Israeli Ambassador to India, Naor Gilon, expresses concern over the “trivialisation” of the Holocaust in the Hindi movie ‘Bawaal’, calling out its poor choice of terminology and symbolism. The film has sparked controversy for using the Holocaust as a backdrop for a story of marital discord, prompting calls for its removal from the streaming platform.
The Israeli Ambassador to India has expressed concern over the "trivialisation" of the Holocaust in the Hindi movie 'Bawaal' released on Prime Video. The movie has faced controversy for using the Holocaust to tell a story of marital discord, with a Jewish group calling for its removal from the platform. The Israeli embassy urged those unaware of the Holocaust to educate themselves and stated that although no malice was intended, there was a poor choice in the use of terminology in the movie.
Israel Ambassador to India Naor Gilon has voiced concern over the ‘trivialisation’ of Holocaust in the Hindi movie ‘Bawaal’, released on Prime Video, saying it had ‘poor choice of terminology and symbolism’.
The Varun Dhawan-starrer has stirred up a controversy for using the Holocaust to tell a story of marital discord as earlier in the week a prominent Jewish group slammed the movie and called for its removal from the OTT platform.
The Israeli embassy in India on Friday issued a statement, saying it was ‘disturbed by the trivialisation of the significance of the Holocaust’ in the movie, directed by Nitesh Tiwari of ‘Dangal’ fame.

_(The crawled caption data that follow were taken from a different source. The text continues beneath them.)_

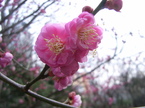 ２月２１日（日曜日）　『ひらり』　小石川公園『梅まつり』コンサート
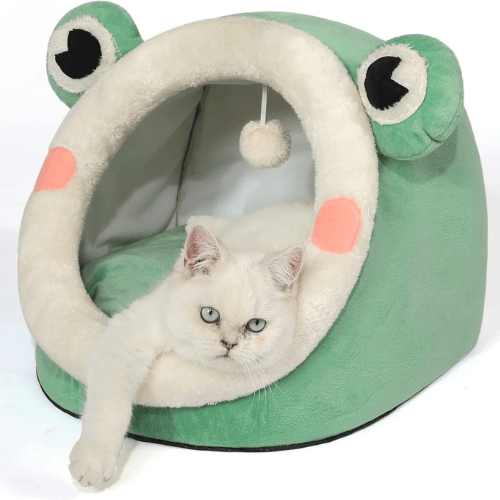 Chat Niche grenouille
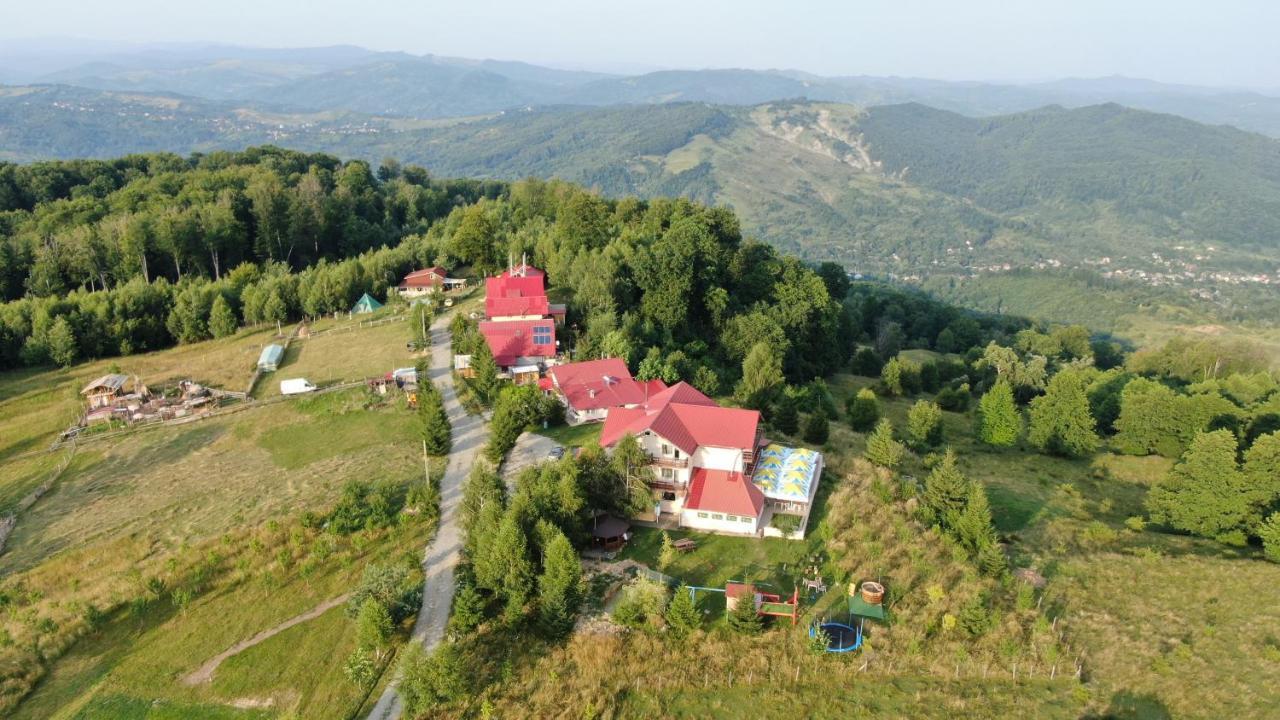 Pensiune Runcu Stone Buitenkant foto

“I did not and will not watch the film ‘Bawaal’ but from what I have read, there was a poor choice of terminology and symbolism. Trivialisation of the Holocaust should disturb all,” Gilon wrote on Twitter.

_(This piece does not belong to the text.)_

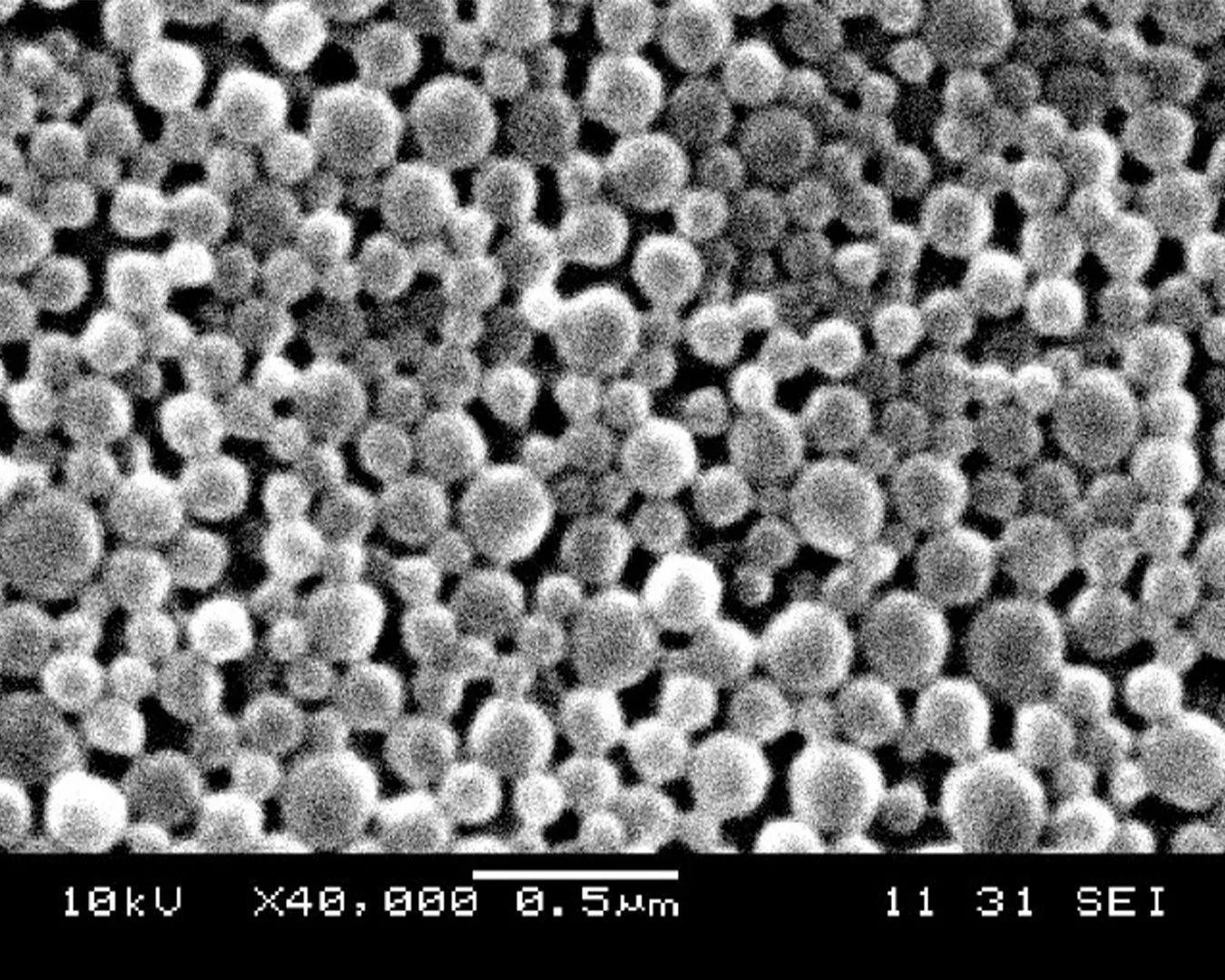 12934_2010_Article_418_Fig1_HTML.jpg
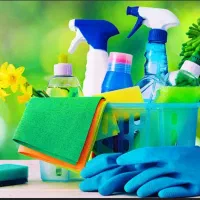 خانم هستیم کار در منزل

‘Bawaal’ follows a high school history teacher, Ajay Dixit (Dhawan) and his wife Nisha (Jahnvi Kapoor), as they go on a Europe tour where they visit prominent World War 2 sites, including Auschwitz and Anne Frank’s home in Amsterdam.
The film, which tracks how the couple resolve their differences, goes into graphic recall of the Holocaust in several scenes. It was released on Prime Video on July 21.
Noting that there was a ‘poor choice’ in the utilisation of some terminology in the movie, the Israeli embassy said, “Though we assume no malice was intended, we urge everyone who may not be fully aware of the horrors of the Holocaust to educate themselves about it.”
“Our embassy is constantly working to propagate educational materials on this crucial subject, and we are open to engaging in conversations with all individuals to foster a better understanding of the universal lessons derived from the Holocaust,” the Israeli embassy said.
On Tuesday, the Simon Wiesenthal Center (SWC), dedicated to the memory of the victims of the Holocaust, released a statement, criticising the film for ‘outlandish abuse of the Nazi Holocaust as a plot device’.
The film features ‘scenes in which the protagonists enter a gas chamber in Auschwitz and are suffocated while wearing striped clothing’, the organisation said.
“Hitler is used as a metaphor in the movie for human greed, with the main protagonist, saying to his wife: ‘We’re all a little like Hitler, aren’t we’?”
“Auschwitz is not a metaphor. It is a quintessential example of man’s capacity for evil,” said Rabbi Abraham Cooper, SWC Associate Dean and Director of Global Social Action.
“By having the protagonist in this movie declare that ‘Every relationship goes through their Auschwitz’, Nitesh Tiwari, trivialises and demeans the memory of 6 million murdered Jews and millions of others who suffered at the hands of Hitler’s genocidal regime,” Cooper said.
PTI reached out to Prime Video and Tiwari for comment but they did not respond.